Дэмьен окаменел. Его поймали в ловушку! Но как, как они могли это сделать, как могли угадать, куда именно побежит лисица? Однако времени на размышления не оставалось. С обеих сторон к нему приближались вооруженные кинжалами монахи.

Вглядевшись в лицо старца, Дэмьен отметил, что на губах его играет победная улыбка. Всадник и лошадь были не дальше, чем в десяти ярдах от него, когда Дэмьен перевел взгляд на кобылу и пристально, не мигая, стал смотреть в глаза лошади. Он нарисовал в воображении страшный финал погони шакалов за лошадью: вот они настигают ее, впиваются зубами в ляжку, виснут на боках до тех пор, пока она не падает на колени. Ноги лошади изодраны в клочья, а шакалы яростно рвутся к животу, выгрызают куски мяса, терзают внутренности. Лошадь бьется от боли, угасающим взглядом обводя тварей с окровавленными пастями, пожирающими ее живую плоть…
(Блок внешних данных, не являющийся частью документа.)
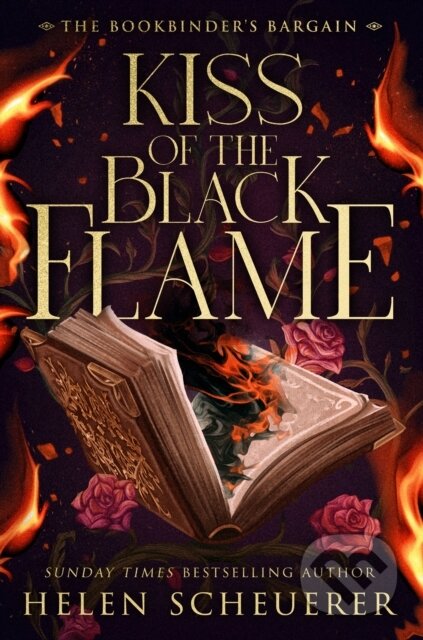 Kiss of the Black Flame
Кобыла под Антонио вдруг резко остановилась, не реагируя ни на поводья, ни на шпоры. Глаза ее расширились от ужаса, она замотала головой из стороны в сторону, но не смогла избавиться от пронзительного взгляда Дэмьена. Внезапно кобыла взвилась на дыбы и сбросила Антонио прямо на парапет. Лишь мгновение его тело удерживалось на парапете, а затем сорвалось вниз. Бессильно взлетели и опустились руки, из горла вырвался протяжный крик, оборвавшийся на дне ущелья.

Дэмьен резко обернулся. Молодой монах стоял в нескольких шагах от него. Лицо его побелело от ужаса, когда он взглянул через парапет на дно ущелья. Но монах быстро совладал с собой и, сжав кинжал, стал медленно приближаться к Дэмьену. Дэмьен не сдвинулся с места. Он просто перевел взгляд на самую большую собаку и стал смотреть ей прямо в глаза…
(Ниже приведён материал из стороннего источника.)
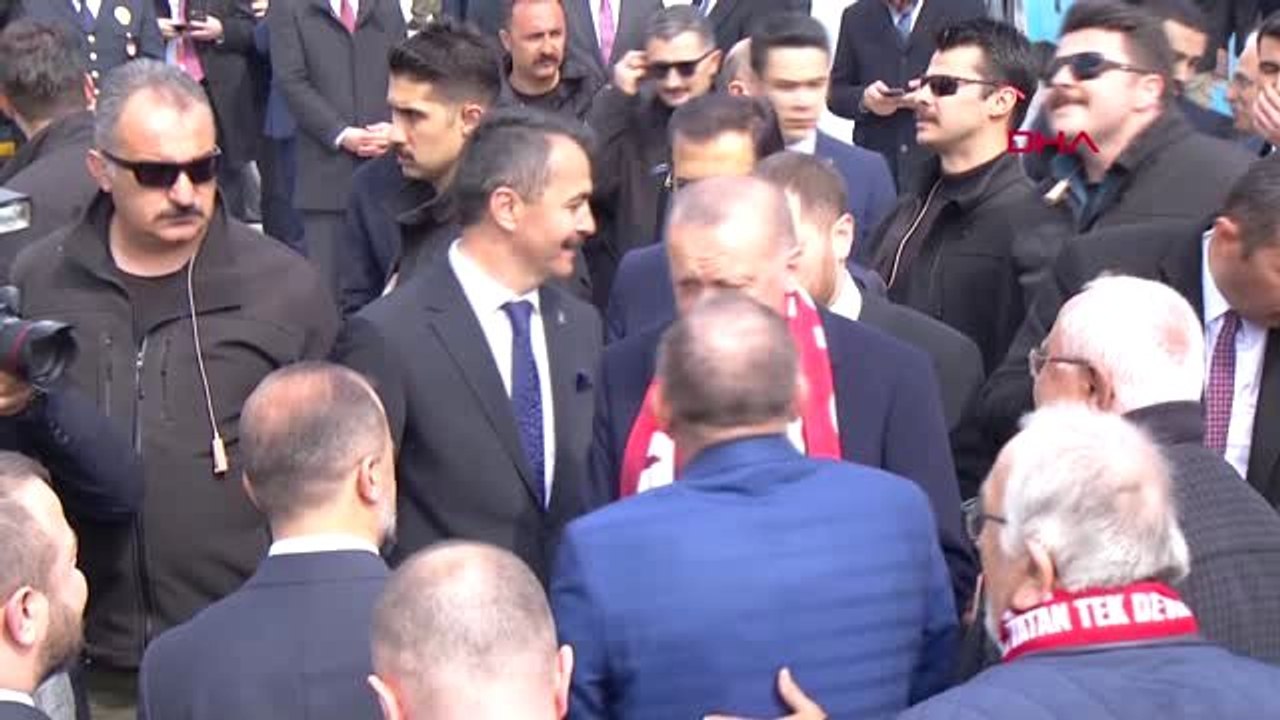 Cumhurbaşkanı Erdoğan Bolu Mitinginde Konuştu-Tamamı Ftp'de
Однако теперь перед его мысленным взором проносились совершенно иные видения. Собака, как завороженная, не сводила с Дэмьена сузившихся глаз. Она наклонила голову набок и тяжело дышала. Всего несколько секунд стояла она замерев, потом медленно повернулась. Симеон находился в шаге от нее. Собака стремительно прыгнула на монаха, пытаясь вцепиться ему прямо в горло, но промахнулась и ухватила его за плечо, вырвав клок одежды. Симеон выронил кинжал, отступил назад и в полнейшем недоумении посмотрел на кровь, сочившуюся из раны. Он коснулся плеча и нахмурился. Несколько мгновений все стояли молча, застыв, как на картине: двое мужчин и собака. И тут второй пес бросился на спину Симеону. Собака когтями вцепилась в одежду, зубы ее лязгали. Она пыталась ухватить монаха за шею. Симеон рванулся, и пес, сильно ударившись о парапет, взвыл от боли. Но вот уже третья собака набросилась на монаха, а за ней и четвертая. Пинаясь и расшвыривая гончих, Симеон схватил одну из них за горло и сдавил ей морду. Тут же, снизу, ему на грудь прыгнула еще одна собака. Симеон споткнулся и, неловко расставив руки, упал. Свора собак мгновенно облепила монаха, и крик его внезапно оборвался.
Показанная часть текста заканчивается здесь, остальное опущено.